■ **WORK REQUEST**
What is needed is an exact copy of the lines from the line holding "1_eye big_breasts close_breast" through the end of the material, with no other lines and no pictures.

■ **GIVEN DATA**
= Beginning of Section =
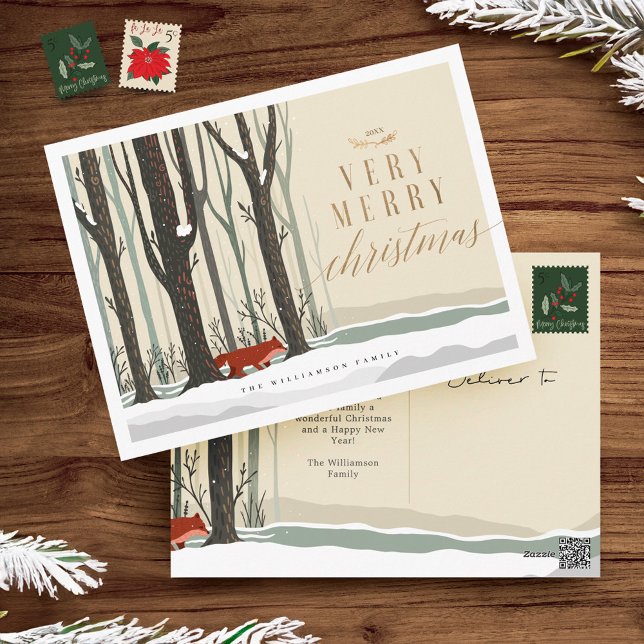 Merry Christmas Woodland Winter Forest Fox Holiday Postcard (Merry Christmas Woodland Winter Forest Fox Holiday Postcard)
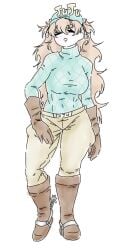 1_eye big_breasts close_breast closed_eye closed_eyes crossti crossti(artist) diego_brando hand_on_legs jojo's_bizarre_adventure jojo_pose jojo_reference juju_(oc) long_hair oc original original_character steel_ball_run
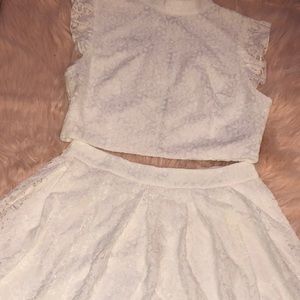 2 piece mini skirt with a crop top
= End of Section =
■ **EXERCISE OUTPUT**
 1_eye big_breasts close_breast closed_eye closed_eyes crossti crossti(artist) diego_brando hand_on_legs jojo's_bizarre_adventure jojo_pose jojo_reference juju_(oc) long_hair oc original original_character steel_ball_run
 2 piece mini skirt with a crop top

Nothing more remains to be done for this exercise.